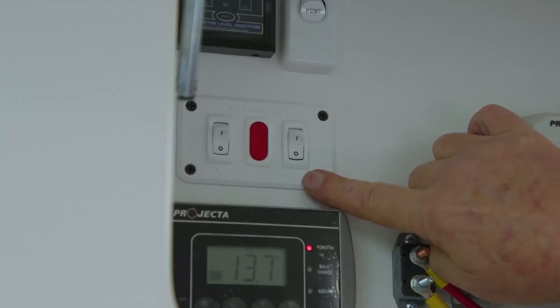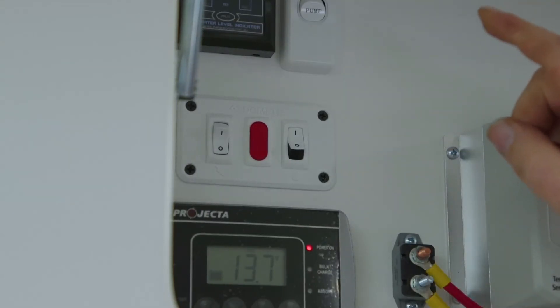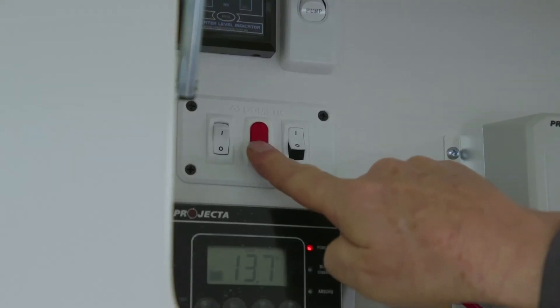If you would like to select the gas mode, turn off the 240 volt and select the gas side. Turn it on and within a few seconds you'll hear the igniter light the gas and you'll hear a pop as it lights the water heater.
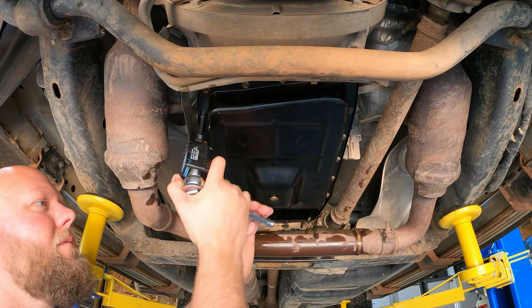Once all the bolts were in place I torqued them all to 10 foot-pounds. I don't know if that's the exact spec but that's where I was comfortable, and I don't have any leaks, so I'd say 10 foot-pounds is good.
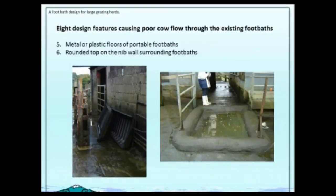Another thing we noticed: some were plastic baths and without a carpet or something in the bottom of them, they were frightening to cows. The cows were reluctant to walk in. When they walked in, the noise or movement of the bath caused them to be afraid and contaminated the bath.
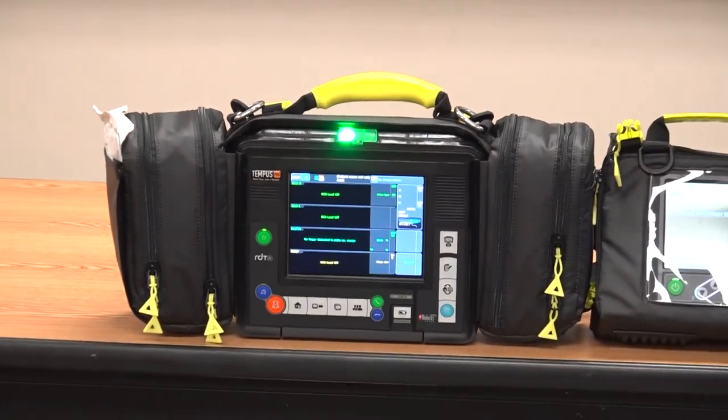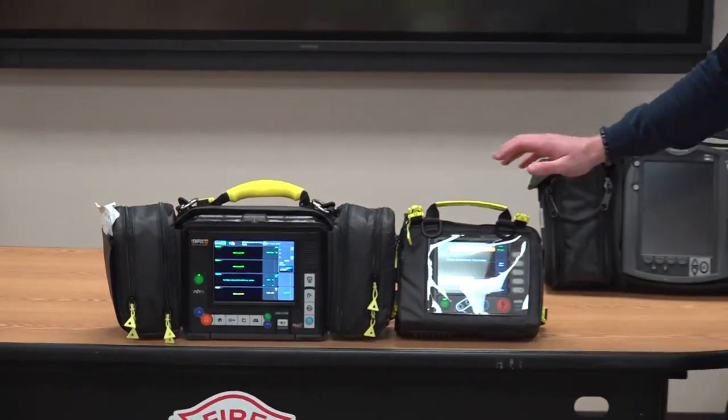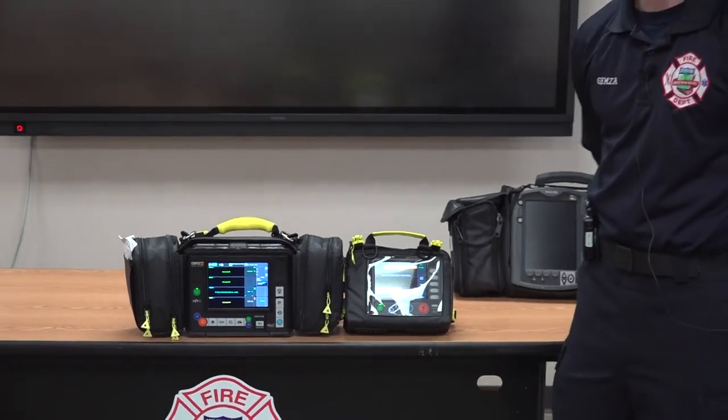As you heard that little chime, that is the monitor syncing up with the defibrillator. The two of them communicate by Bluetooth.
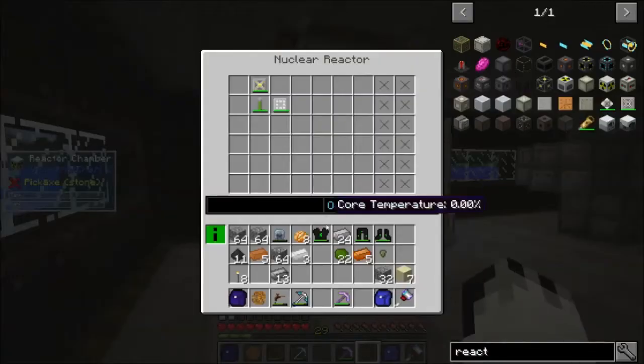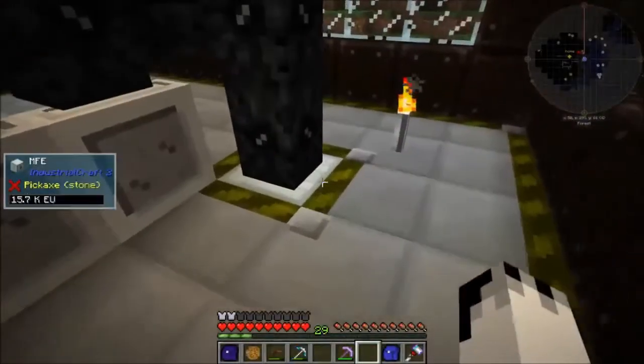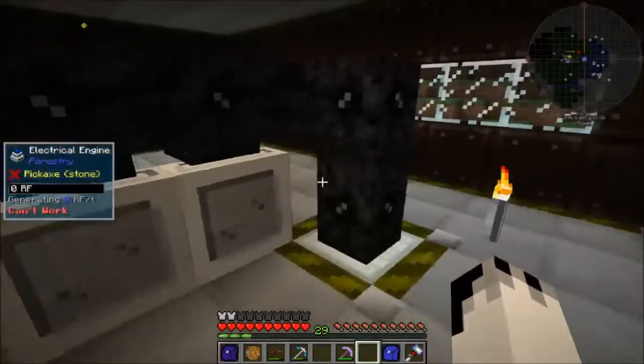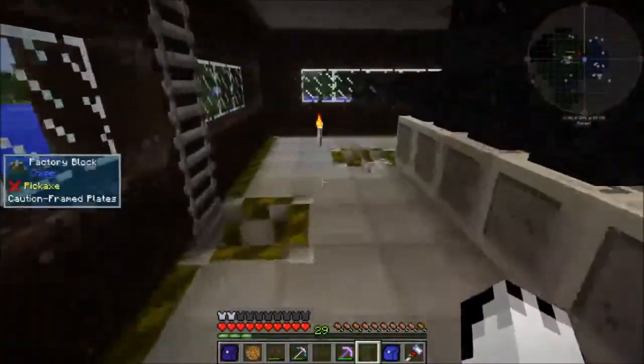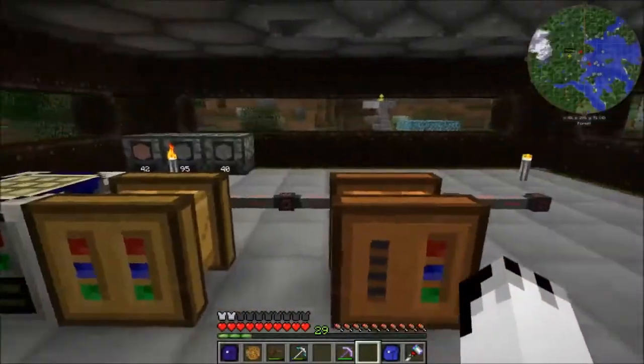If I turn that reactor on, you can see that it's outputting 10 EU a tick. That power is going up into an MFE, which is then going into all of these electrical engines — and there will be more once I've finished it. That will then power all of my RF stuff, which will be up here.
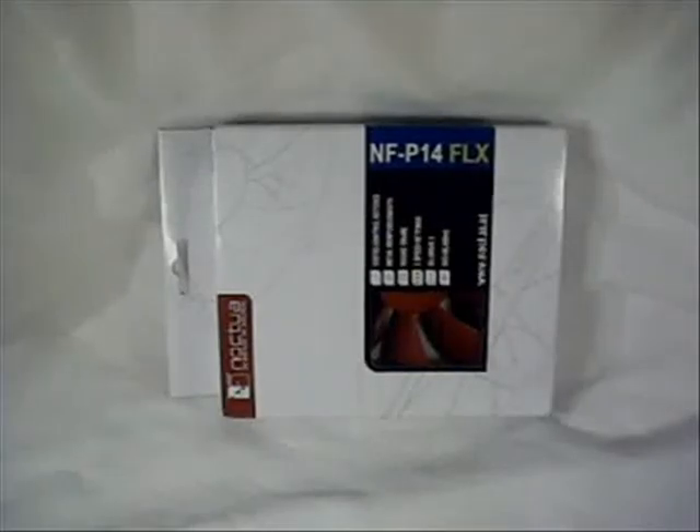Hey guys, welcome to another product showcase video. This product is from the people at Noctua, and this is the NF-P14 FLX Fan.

...

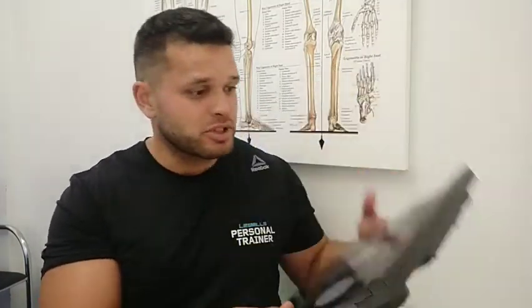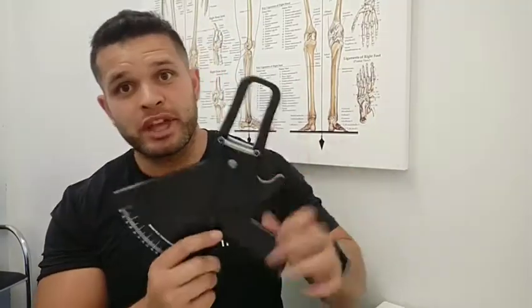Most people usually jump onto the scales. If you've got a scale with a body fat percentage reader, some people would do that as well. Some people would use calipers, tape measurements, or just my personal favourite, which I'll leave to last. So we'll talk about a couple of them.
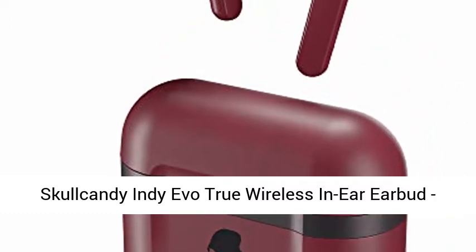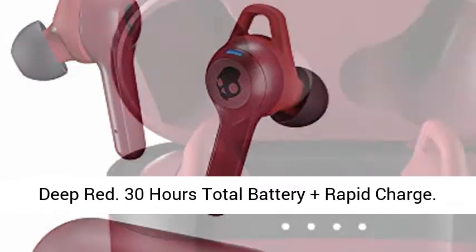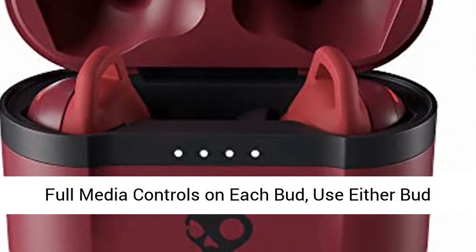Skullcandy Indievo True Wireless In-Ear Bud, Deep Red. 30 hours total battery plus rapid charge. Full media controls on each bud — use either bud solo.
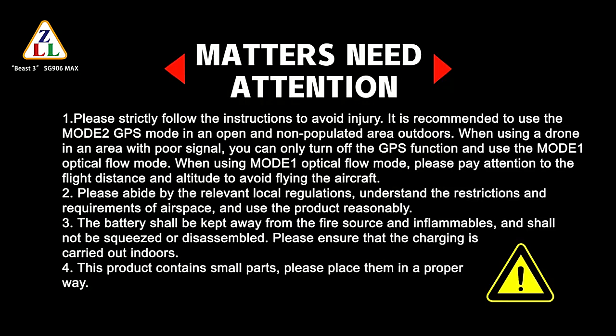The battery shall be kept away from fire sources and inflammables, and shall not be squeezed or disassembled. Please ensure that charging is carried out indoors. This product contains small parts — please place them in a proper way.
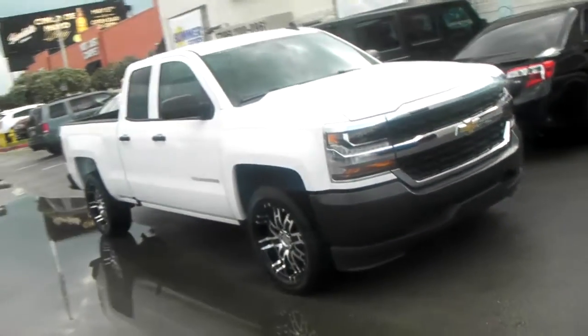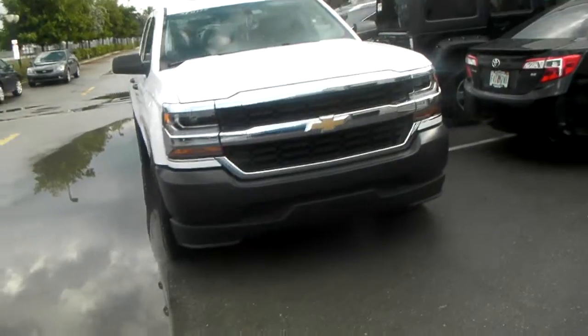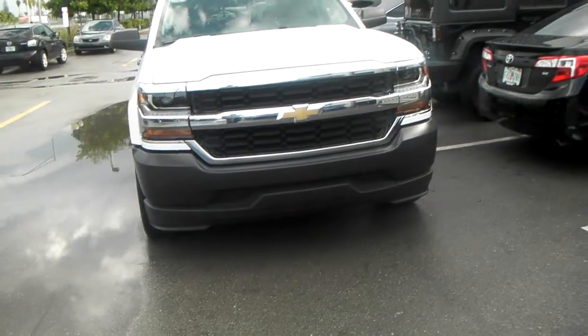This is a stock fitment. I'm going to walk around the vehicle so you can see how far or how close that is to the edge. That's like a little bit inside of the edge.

...

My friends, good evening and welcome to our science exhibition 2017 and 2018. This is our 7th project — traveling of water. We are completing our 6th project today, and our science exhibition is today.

Exercise description:
Among the entries above, locate the line with "If you would" and the line with "Once all the". Give those two lines and all lines between them again, exactly, leaving out the pictures.

Exercise solution:
If you would like to select the gas mode, turn off the 240 volt and select the gas side. Turn it on and within a few seconds you'll hear the igniter light the gas and you'll hear a pop as it lights the water heater.
Once all the bolts were in place I torqued them all to 10 foot-pounds. I don't know if that's the exact spec but that's where I was comfortable, and I don't have any leaks, so I'd say 10 foot-pounds is good.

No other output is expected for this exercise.